• **Exercise goal**
Any pictures in the records below must be left out when you repeat the lines from the line containing "Mustela %97 Doğal" through the line containing "BIAŁY OKRĄGŁY PLAFON" exactly.

• **Information given**
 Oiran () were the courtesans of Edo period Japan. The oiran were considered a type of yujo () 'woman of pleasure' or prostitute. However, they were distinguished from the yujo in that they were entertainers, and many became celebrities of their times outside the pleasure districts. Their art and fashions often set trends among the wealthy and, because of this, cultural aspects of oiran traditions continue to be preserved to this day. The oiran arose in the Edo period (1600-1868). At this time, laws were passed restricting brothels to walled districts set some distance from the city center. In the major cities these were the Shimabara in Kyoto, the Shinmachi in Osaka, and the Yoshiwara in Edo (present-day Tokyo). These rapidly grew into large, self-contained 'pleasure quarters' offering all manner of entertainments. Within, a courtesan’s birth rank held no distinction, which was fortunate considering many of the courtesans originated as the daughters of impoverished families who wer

==

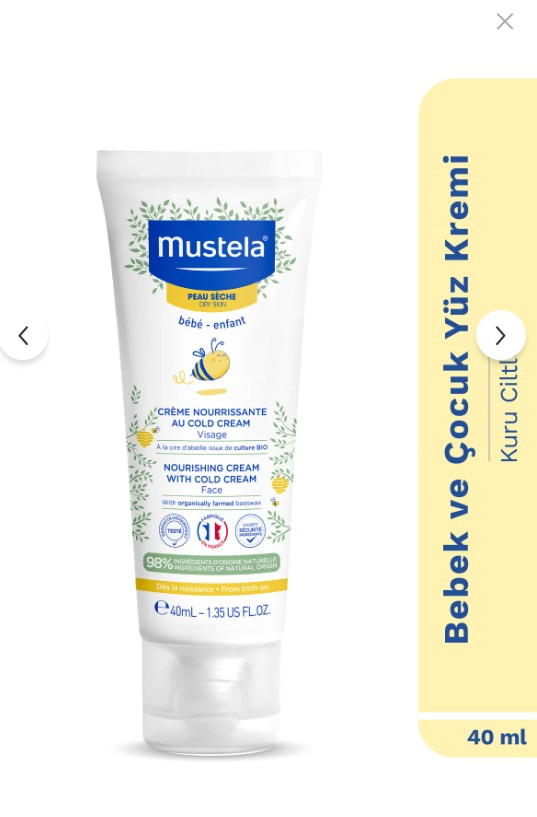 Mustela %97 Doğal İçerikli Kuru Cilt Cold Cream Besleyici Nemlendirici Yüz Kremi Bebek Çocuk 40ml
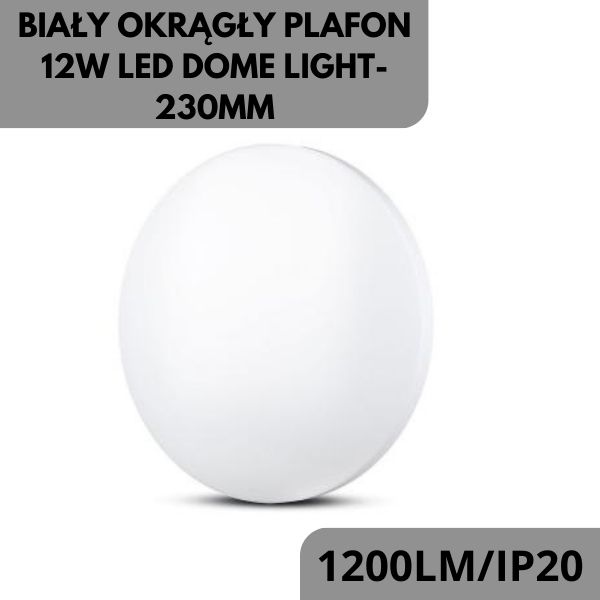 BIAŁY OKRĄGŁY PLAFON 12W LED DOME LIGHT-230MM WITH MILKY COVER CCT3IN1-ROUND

...

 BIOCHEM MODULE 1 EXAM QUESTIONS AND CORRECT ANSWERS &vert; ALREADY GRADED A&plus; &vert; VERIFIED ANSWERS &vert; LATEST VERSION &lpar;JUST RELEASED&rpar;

• **Reply to the task**
 Mustela %97 Doğal İçerikli Kuru Cilt Cold Cream Besleyici Nemlendirici Yüz Kremi Bebek Çocuk 40ml
 BIAŁY OKRĄGŁY PLAFON 12W LED DOME LIGHT-230MM WITH MILKY COVER CCT3IN1-ROUND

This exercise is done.